Organic Fits With Consumer Demand

The sector growth is not surprising given the trends of increasing consumer and producer interest in sustainability. People are looking to the health and social implications of food production. Annual retail sales of organic products in Canada are now more than $1 billion. And about 2/5ths of this sold in the larger retail outlets (e.g. supermarkets). Demand greatly outstrips domestic supply. With a 20 percent average growth across Canada in recent years, the difference is made up with imports. Canada imports roughly 90% of the organic grocery items sold here. The paucity of domestic consumer products is due in part to the lack of processing infrastructure. This is much like the conventional agri-food segments.

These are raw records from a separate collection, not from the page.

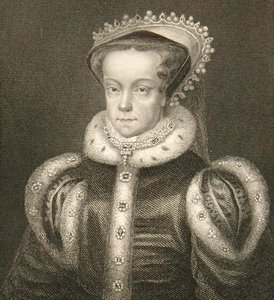 Portrett av Queen Mary I (gravering) av English School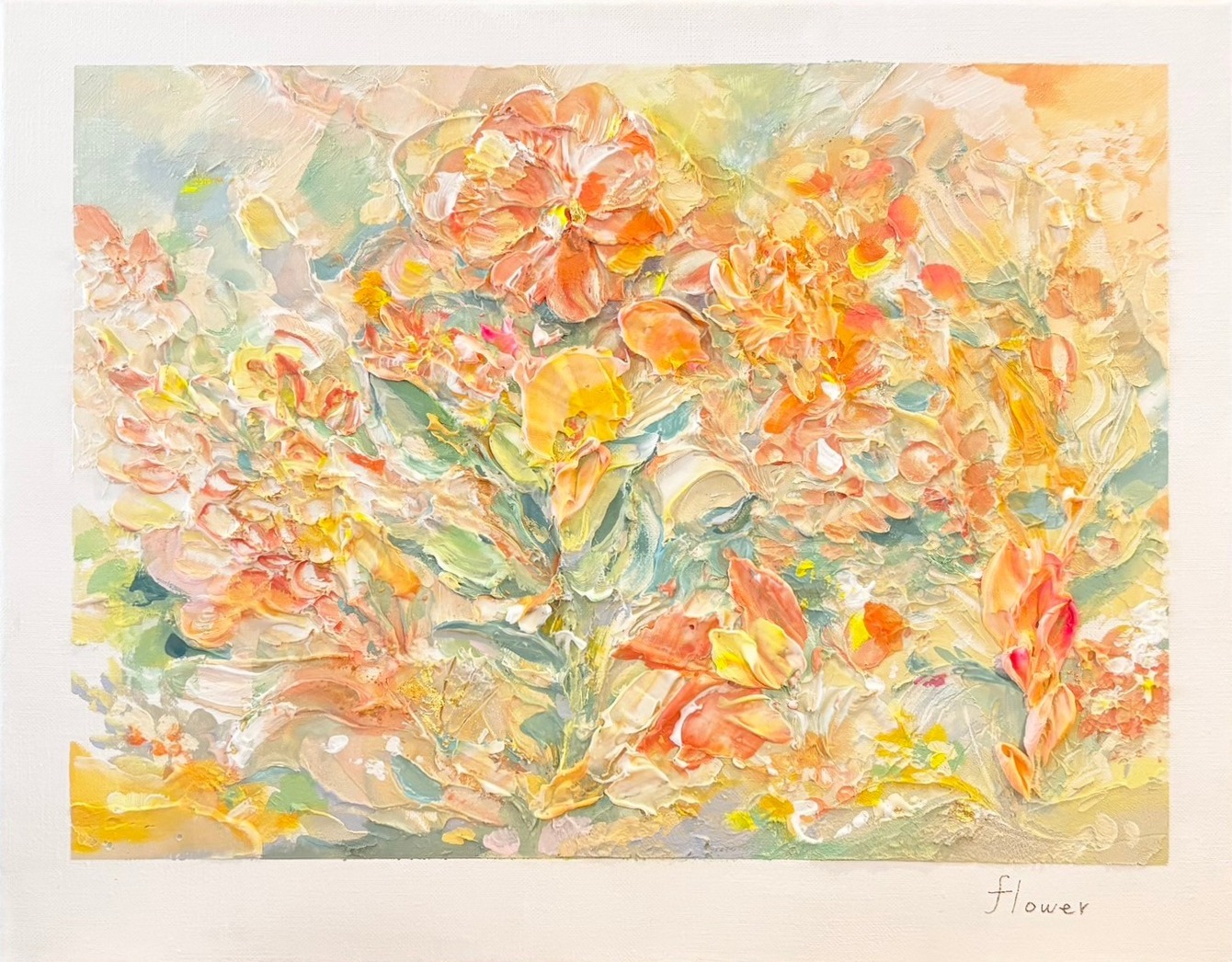 花をテーマにした、絵の具が盛り上がったやわらかな色の作品
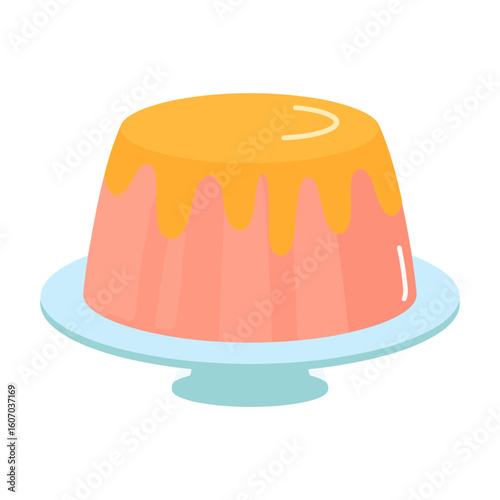 A pink fluted pudding with a dripping yellow glaze, served on a light blue pedestal stand.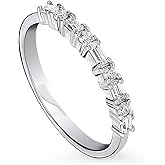 BERRICLE Sterling Silver Art Deco Rings Full/Half Eternity Ring for Women, Cubic Zirconia CZ, 1-2 Piece Set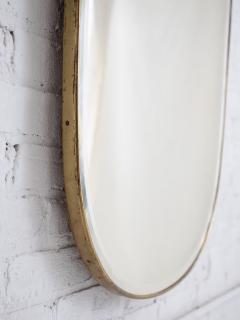 Gio Ponti Italian Brass Shield Mirror in the Style of Gio Ponti - 3926966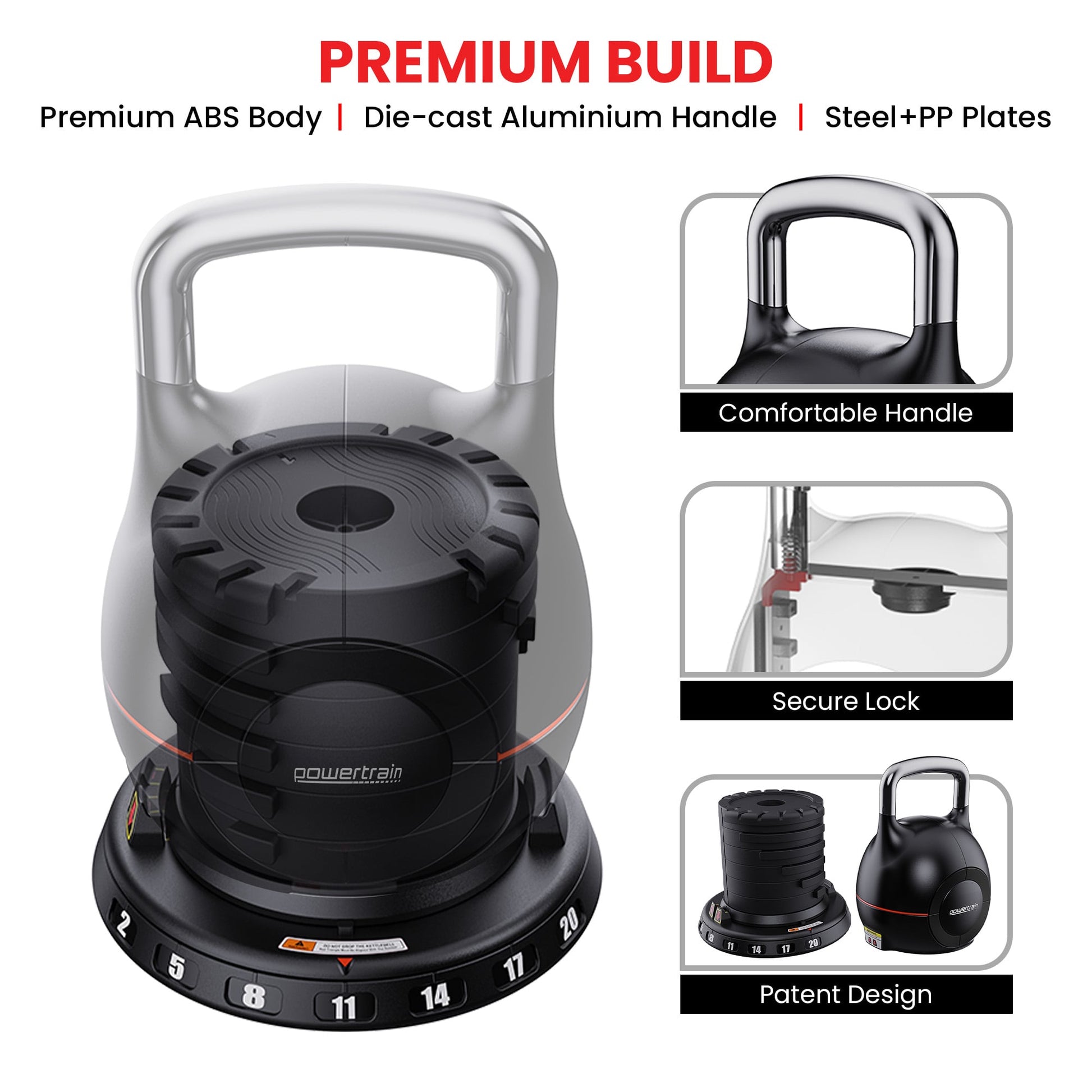 Powertrain 40kg Adjustable Kettlebell One Hand Adjustment Weight Set V240-AKB-XDB-20-2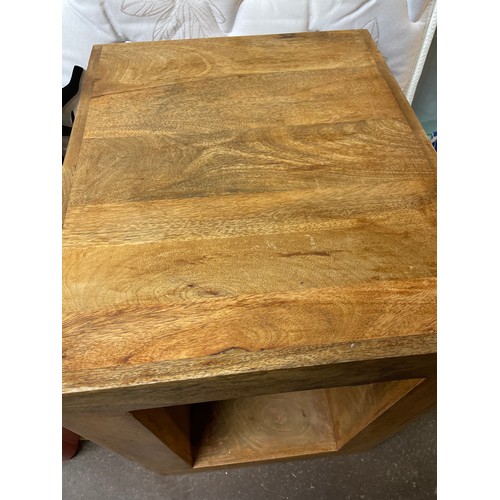 140 - MANGO WOOD SQUARE SECTION LAMP TABLE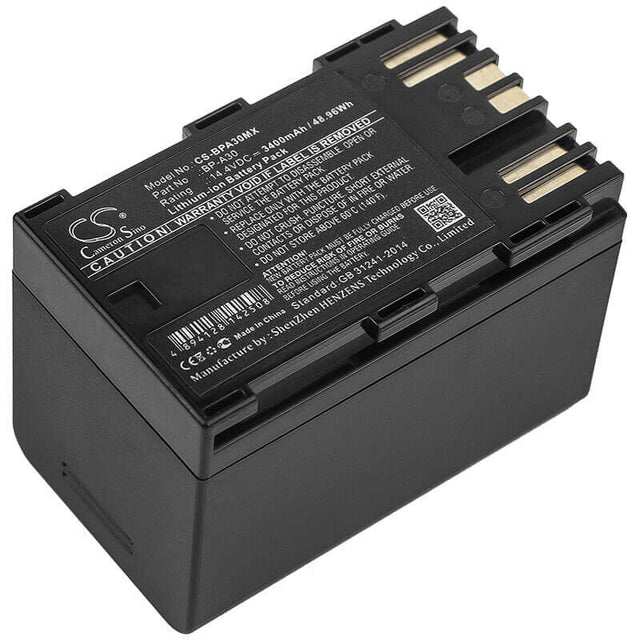 14.4V, Li-ion, 3400mAh, Camera battery fits Canon, Bp-a30, Ca-cp200l, Eos C200, 48.96Wh Camera Cameron Sino Technology Limited (Camera)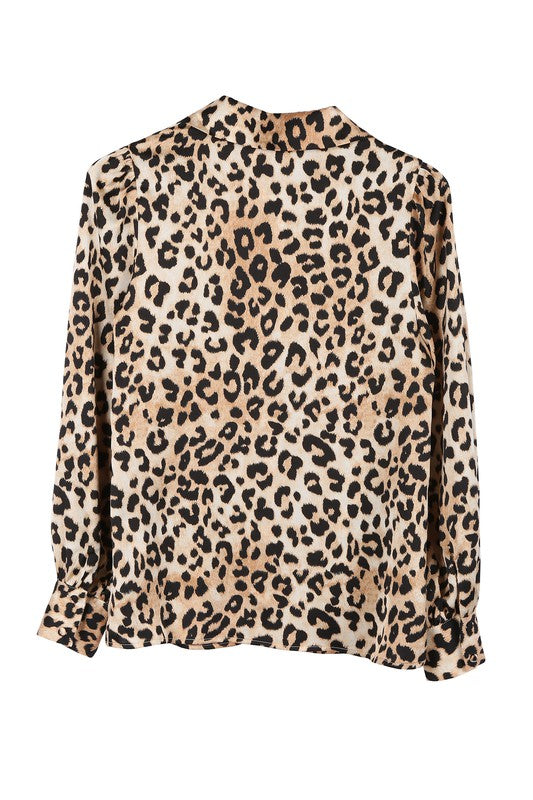 Lilou Satin Leopard Print Blouse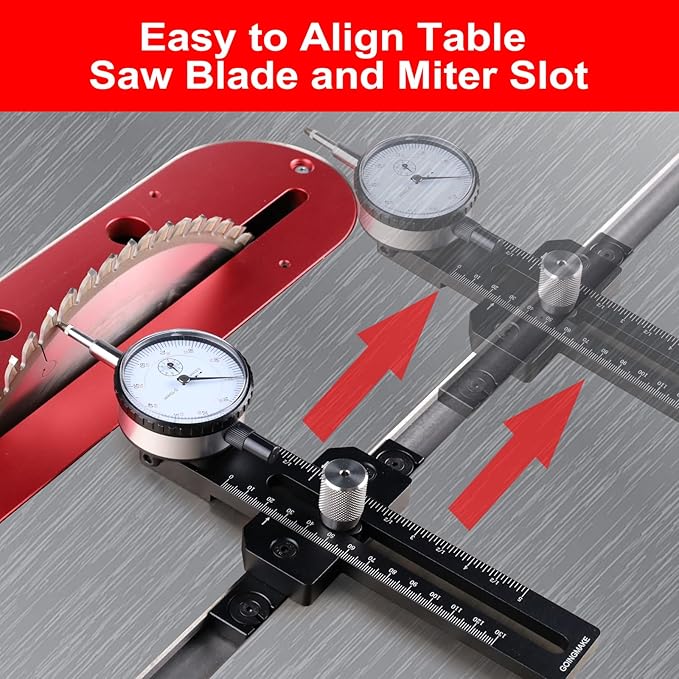 Table Saw Gauge Dia Indicator for Table Saw and Band Saw,0.01mm Accuracy Calibration Tool,Table Saw Jig Guide Fits for 3/4" T Slot U Slot,Table Saw Accessories for Woodworking,Machinery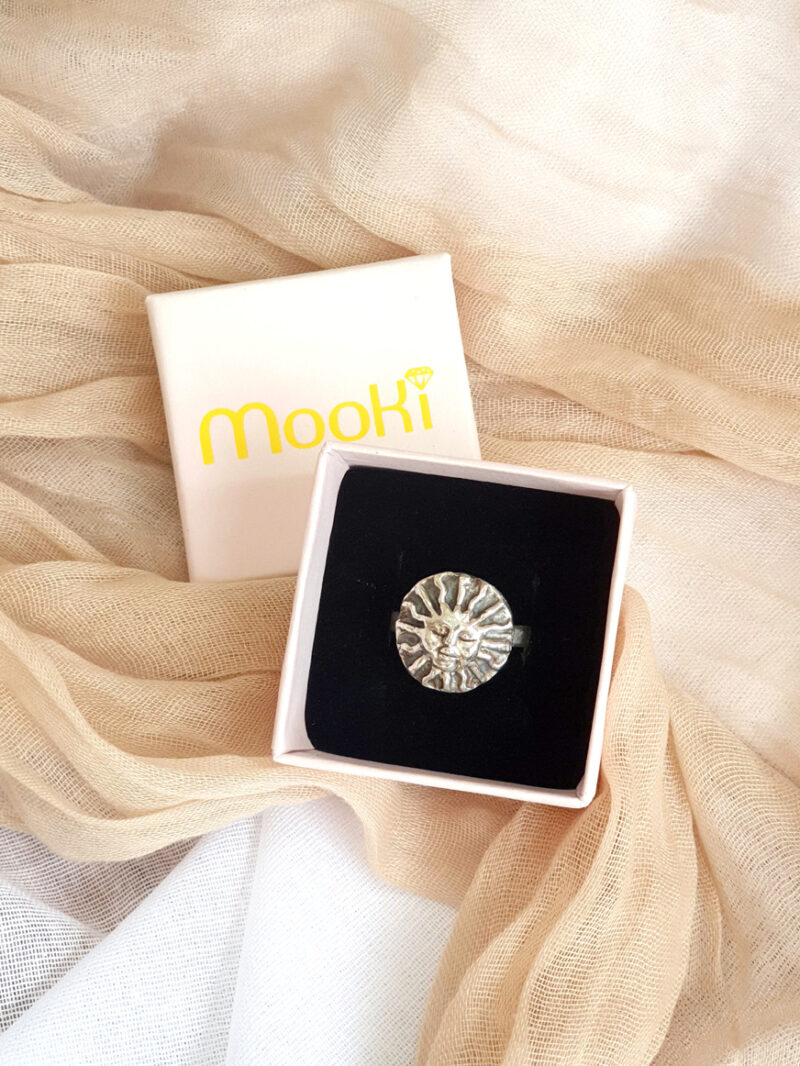 mooki jewellery surya sun ring chunky sterling silver handmade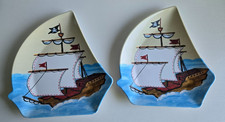 Pottery Barn Kids Jolly Roger Pirate Melamine Plate Ship Shaped Set of 2 Beach
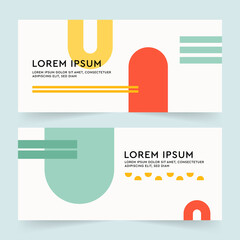 Wall Mural - Geometric design, Abstract Shapes. Modern art. Minimal banner templates for social media post and web internet ads. Vector, illustration 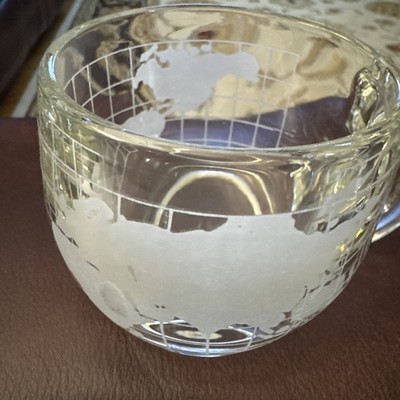 Vintage Nestle Nescafe 1970 s Clear Glass Globe World Coffee/Tea Mug/Cup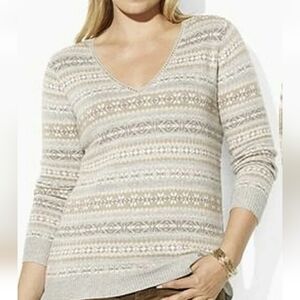 Ralph Lauren Women's V-Neck Sweater Size 2X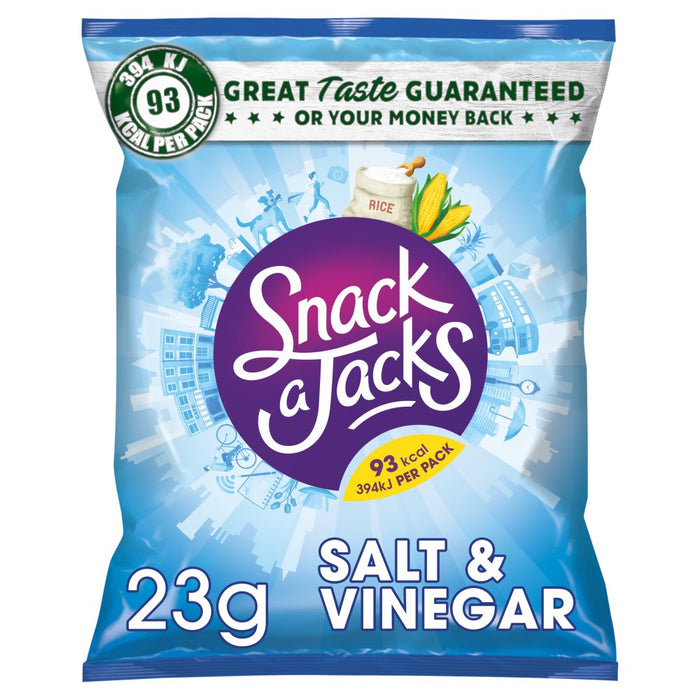 Snack A Jacks Salt & Vinegar Rice Cakes, 23g (Box of 24)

Canada is not alone in the organic revolution, so there are plenty of import options. As reported in a recent survey on global organic farming, organic agriculture is established in over 120 countries on approximately 31 million ha. The countries with the greatest area under organic production are all major food exporters. These include Australia (11.8 million ha), Argentina (3.1 million ha), China (2.3 million ha) and the US (1.6 million ha). As in Canada, demand for organic products comes primarily from other wealthy countries. And consumers with the highest disposable incomes are the largest spenders on organic foods.

Organic Buyers Still Cost-Sensitive

The global recession however, has eroded this consumer base. Some are declaring the organic sector also to be in economic retraction (“Organic Farming in a Recession“). To maintain sales, price cuts could be on the way. But as with conventional agriculture, Canada is not a low-cost jurisdiction. Land and labour can be sourced cheaply in the developing world. Nor do we have the scale of organic production yet to create economies of scale. This limits the sector’s ability to move on prices.

But the rest of the world seems to be moving to capture market share. They are doing this playing the high volume – low cost game. China, for example, as reported in the People’s Daily Online, is working towards capturing 5% of the global organic market. Our neighbors to the south are also taking concrete actions to expand production and overcome supply bottlenecks. The US Organic Conversion Assistance program is helping with the transition. And the US are expanding their organic production base with an eye to greater exports.

Enter Globalization

Is globalization of the organic markets in the works? Canada’s recent equivalency agreement with the US suggests so. Imports of US organic products certified under their organic regime now meet the Canadian requirements for organic products. Similar agreements are planned or underway with the European Union and Japan and a global framework can’t be far away.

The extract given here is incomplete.